# Analyse Customer Value by Frequency, Recency and Monetary Value
ref: 
- [Customer Lifetime Value](https://clevertap.com/blog/customer-lifetime-value/)
- [Frequency, Recency, Monetary Value Analysis](https://clevertap.com/blog/rfm-analysis/) | [whitepaper](https://info.clevertap.com/hubfs/Blog%20Images/A%20Quick%20Start%20Guide%20to%20Automated%20Segmentation%20(1).pdf?_hsmi=64667222&_hsenc=p2ANqtz-96Je_GDBFw8_9_MDcEkdq4SvOYni_MBWoopRVB4h87PHOHxkf039plUfRhUIPxxK7H6bkXki0pfix-uQeDz-0qfER-KQ) 
- [Customer Segmentation Blog](https://towardsdatascience.com/the-most-important-data-science-tool-for-market-and-customer-segmentation-c9709ca0b64a)

Customer lifetime value (CLV), is the profit margin a company expects to earn over the entirety of their business relationship with the average customer.

Some contributing factors:
- customer churn rate
- retention rate
- sales & marketing strategy

Business may use strategies such as: 
- **Impress** | by quality/pricing
- **Engage**  | by sales & marketing strategies
- **Retain**  | continue to impress and engage

In this notebook, we explore customer segments by *Frequency*, *Recency* and *Monetary Value*

## About Data

Source: https://archive.ics.uci.edu/ml/datasets/online+retail#

**Attribute Information**:

`InvoiceNo`: Invoice number. Nominal, a 6-digit integral number uniquely assigned to each transaction. If this code starts with **letter 'c'**, it indicates a **cancellation**.

`StockCode`: Product (item) code. Nominal, a 5-digit integral number **uniquely** assigned to each distinct product.

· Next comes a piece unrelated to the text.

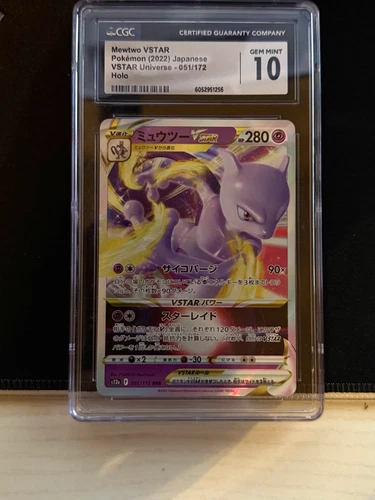 Pokemon TCG Mewtwo VSTAR 051/172 CGC 10 Card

`Description`: Product (item) name. Nominal.

`Quantity`: The quantities of each product (item) per transaction. Numeric.

`InvoiceDate`: Invice Date and time. Numeric, the day and time when each transaction was generated.

`UnitPrice`: Unit price. Numeric, Product price per unit in **sterling**.

`CustomerID`: Customer number. Nominal, a 5-digit integral number **uniquely** assigned to each customer.

`Country`: Country name. Nominal, the name of the country where each **customer resides**.

# Set up

In [None]:
%load_ext autoreload
%autoreload 2

from IPython.core.interactiveshell import InteractiveShell
InteractiveShell.ast_node_interactivity = "all"

import matplotlib.pyplot as plt
import seaborn as sns
import numpy as np 
import pandas as pd

# Data
## Load Data
Cell below assumed that dataset is registered in AML Workspace.

In [None]:
# azureml-core of version 1.0.72 or higher is required
# azureml-dataprep[pandas] of version 1.1.34 or higher is required
from azureml.core import Workspace, Dataset

workspace = Workspace.from_config()
print(workspace.name, workspace.resource_group, workspace.location, workspace.subscription_id, sep = '\n')

dataset = Dataset.get_by_name(workspace, name='online-retail-processed')
df_orig = dataset.to_pandas_dataframe()

In [None]:
df = df_orig.copy()
df['InvoiceDate'] = pd.to_datetime(df['InvoiceDate'], errors ='coerce')
df.dtypes

## Normalise Data

- Check if `StockCode` has consistent `Description` < TO DO>

## Prepare Features

### Derive new features:
- ~~`OrderCancelled` : Create a new column to indicate the order is cancelled. Boolean.~~
- `TotalSum` : Create a new column to indicate the total sum of an order, i.e. `Quantity` x `UnitPrice`

## Select Data
- Select data within the range of last 12 months

In [None]:
# Filter data between two dates
df_sub = df.loc[(df['InvoiceDate'] >= '2011-06-1')
           & (df['InvoiceDate'] < '2011-12-1')].copy()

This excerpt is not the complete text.